I have a dataset I need to iterate on a condition:
data = [[-10, 10, 'Hawaii', 'Honolulu'], [-22, 63], [32, -14]]
df = pd.DataFrame(data, columns = ['lat', 'long', 'state', 'capital'])
for x in range(len(df))
if df['state'] and df['capital'] = np.nan:
df['state'] = 'Investigate state'
df['capital'] = 'Investigate capital'
My expected output is that if the state field and capital fields are both empty then fill in the empty fields respectively. The actual data I use and the function within the loop is more complex than this example but what I want to focus on is the iterative/looping portion with the condition.
My Googling found iterrows and I read tutorials that just say to go ahead and use a for loop. Stackoverflow answers denounced the two options above and advocated to use vectorization instead. My actual dataset will have around ~20,000 rows.

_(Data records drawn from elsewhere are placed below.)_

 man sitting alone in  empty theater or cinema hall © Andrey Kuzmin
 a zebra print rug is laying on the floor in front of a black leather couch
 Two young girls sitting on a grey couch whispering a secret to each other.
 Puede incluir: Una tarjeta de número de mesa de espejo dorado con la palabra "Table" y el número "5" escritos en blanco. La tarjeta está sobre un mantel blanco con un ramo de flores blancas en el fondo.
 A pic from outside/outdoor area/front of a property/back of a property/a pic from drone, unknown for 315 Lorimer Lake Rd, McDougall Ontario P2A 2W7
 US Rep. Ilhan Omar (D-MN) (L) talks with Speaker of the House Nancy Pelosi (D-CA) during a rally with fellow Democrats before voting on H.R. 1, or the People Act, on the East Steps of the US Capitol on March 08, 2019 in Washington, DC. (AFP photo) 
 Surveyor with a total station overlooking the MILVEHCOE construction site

What is the most efficient implementation and how do I implement it?
You can test each column separately and chain masks by &
for bitwise AND
:
m = df['state'].isna() & df['capital'].isna()
df.loc[m, ['capital', 'state']] = ['Investigate capital','Investigate state']
Fastest is in sample data for 30k rows and 66% matching if also set columns separately:
m = df['state'].isna() & df['capital'].isna()
df['state']= np.where(m, 'Investigate state', df['state'])
df['capital']= np.where(m, 'Investigate capital', df['capital'])
Similar:
m = df['state'].isna() & df['capital'].isna()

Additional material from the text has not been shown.